[Start of Attachment]

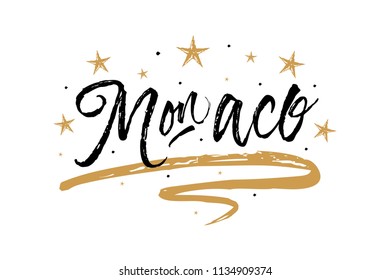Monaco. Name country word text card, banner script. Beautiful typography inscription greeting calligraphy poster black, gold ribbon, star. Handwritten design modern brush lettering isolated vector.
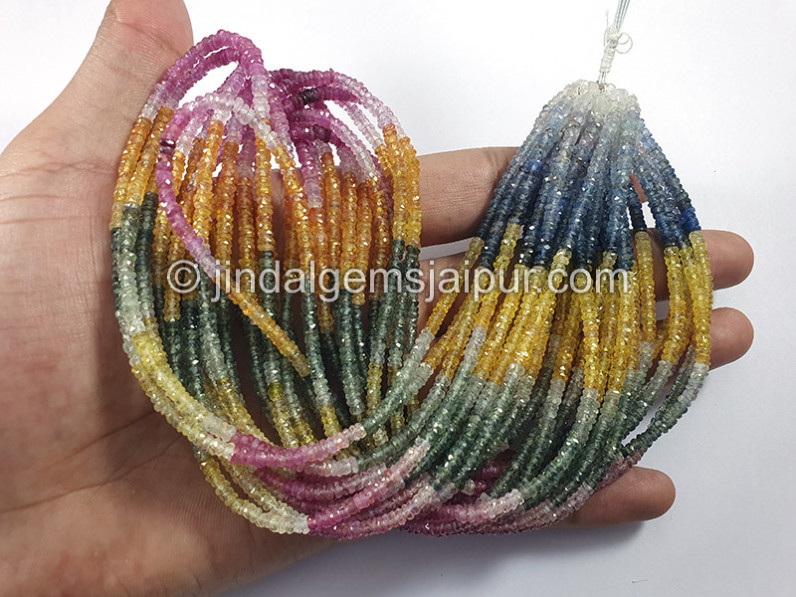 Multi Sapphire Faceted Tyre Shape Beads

[End of Attachment]
[Start of Attachment]

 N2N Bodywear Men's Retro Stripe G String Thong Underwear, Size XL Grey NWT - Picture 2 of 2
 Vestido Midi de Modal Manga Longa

[End of Attachment]
[Start of Attachment]

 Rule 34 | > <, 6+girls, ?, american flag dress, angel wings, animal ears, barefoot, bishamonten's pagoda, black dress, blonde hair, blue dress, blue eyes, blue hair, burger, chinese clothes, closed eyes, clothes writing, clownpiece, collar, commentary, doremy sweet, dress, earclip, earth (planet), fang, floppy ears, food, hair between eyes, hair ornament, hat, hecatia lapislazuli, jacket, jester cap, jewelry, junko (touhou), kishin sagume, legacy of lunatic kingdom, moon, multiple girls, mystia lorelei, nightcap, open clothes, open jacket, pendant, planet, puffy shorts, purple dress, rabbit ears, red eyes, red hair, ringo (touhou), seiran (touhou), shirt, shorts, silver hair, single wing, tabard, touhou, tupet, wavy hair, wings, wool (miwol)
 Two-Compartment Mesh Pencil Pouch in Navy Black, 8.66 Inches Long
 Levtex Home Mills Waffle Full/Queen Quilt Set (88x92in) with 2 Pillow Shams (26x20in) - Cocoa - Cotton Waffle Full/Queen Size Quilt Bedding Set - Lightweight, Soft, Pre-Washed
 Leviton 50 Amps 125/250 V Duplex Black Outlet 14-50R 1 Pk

[End of Attachment]

In the listing above, find the lines holding the word "Size" and copy them.

 N2N Bodywear Men's Retro Stripe G String Thong Underwear, Size XL Grey NWT - Picture 2 of 2
 Levtex Home Mills Waffle Full/Queen Quilt Set (88x92in) with 2 Pillow Shams (26x20in) - Cocoa - Cotton Waffle Full/Queen Size Quilt Bedding Set - Lightweight, Soft, Pre-Washed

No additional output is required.